*** Information Section Begins ***

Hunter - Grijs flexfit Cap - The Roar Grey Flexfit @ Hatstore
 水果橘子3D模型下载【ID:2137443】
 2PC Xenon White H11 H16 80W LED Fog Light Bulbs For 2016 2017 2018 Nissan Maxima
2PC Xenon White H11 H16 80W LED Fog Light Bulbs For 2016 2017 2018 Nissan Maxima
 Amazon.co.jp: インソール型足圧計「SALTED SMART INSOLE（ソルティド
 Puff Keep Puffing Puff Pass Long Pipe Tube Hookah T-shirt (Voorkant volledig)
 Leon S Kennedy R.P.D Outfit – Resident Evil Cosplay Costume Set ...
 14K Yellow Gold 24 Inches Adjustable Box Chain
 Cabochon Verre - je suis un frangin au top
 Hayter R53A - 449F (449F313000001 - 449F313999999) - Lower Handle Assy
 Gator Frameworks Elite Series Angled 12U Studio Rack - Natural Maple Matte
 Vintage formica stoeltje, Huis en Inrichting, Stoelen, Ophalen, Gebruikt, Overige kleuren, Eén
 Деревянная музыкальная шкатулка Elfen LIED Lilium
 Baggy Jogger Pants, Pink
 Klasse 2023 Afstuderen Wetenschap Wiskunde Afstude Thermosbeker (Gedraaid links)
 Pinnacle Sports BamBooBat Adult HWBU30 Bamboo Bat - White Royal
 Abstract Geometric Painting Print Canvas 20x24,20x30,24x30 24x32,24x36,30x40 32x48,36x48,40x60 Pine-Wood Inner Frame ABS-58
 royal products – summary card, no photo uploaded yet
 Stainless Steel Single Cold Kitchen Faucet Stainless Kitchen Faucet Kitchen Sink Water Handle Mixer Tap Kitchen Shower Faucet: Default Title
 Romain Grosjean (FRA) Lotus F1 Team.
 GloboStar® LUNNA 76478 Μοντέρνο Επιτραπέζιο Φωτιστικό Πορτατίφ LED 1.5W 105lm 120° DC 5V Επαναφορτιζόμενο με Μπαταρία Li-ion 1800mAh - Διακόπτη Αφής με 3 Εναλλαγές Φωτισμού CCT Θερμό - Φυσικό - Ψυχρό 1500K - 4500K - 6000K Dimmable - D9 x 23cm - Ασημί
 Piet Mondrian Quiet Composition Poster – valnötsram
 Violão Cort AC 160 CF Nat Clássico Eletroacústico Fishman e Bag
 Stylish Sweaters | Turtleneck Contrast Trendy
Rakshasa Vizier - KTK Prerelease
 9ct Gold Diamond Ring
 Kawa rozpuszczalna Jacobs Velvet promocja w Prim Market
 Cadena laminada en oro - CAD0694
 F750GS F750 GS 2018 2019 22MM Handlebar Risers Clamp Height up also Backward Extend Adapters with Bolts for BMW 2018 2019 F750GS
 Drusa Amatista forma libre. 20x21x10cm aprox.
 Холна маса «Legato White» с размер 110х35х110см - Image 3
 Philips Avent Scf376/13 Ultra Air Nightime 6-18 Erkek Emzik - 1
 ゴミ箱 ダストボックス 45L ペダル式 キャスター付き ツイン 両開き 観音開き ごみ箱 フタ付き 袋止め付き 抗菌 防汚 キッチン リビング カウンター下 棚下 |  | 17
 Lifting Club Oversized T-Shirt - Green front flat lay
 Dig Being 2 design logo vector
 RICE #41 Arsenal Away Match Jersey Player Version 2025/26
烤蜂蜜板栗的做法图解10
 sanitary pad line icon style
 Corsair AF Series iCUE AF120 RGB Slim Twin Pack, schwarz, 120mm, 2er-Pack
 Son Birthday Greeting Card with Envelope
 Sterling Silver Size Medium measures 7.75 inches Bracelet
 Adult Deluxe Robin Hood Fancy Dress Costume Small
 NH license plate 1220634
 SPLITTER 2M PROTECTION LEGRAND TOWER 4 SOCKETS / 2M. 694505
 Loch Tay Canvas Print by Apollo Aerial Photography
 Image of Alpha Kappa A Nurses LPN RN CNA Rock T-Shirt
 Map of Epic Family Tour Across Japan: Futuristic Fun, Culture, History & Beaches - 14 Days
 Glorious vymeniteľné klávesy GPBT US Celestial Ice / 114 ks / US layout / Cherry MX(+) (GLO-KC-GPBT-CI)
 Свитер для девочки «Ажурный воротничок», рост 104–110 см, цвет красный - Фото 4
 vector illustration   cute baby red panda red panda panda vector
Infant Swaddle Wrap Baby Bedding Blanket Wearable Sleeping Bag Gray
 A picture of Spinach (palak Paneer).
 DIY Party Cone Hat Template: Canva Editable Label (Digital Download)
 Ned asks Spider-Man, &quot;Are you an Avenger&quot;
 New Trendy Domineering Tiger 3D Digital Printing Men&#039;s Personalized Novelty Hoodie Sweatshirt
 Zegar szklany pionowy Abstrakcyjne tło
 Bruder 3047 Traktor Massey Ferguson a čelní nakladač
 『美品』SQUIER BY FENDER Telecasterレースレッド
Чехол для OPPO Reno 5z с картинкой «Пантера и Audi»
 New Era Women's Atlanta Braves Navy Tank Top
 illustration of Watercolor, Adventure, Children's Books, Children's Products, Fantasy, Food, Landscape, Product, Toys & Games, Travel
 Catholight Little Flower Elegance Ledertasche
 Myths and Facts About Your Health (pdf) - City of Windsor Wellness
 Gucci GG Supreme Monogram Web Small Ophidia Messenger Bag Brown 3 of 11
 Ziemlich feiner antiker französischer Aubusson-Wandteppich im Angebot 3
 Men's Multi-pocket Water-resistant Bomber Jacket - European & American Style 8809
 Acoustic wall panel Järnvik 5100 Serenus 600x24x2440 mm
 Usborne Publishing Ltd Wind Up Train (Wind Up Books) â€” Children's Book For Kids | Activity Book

*** Information Section Ends ***

_Task_. Check each line of the listing above for the string "Image", then give how many lines have it. No other text.

_Result_. 2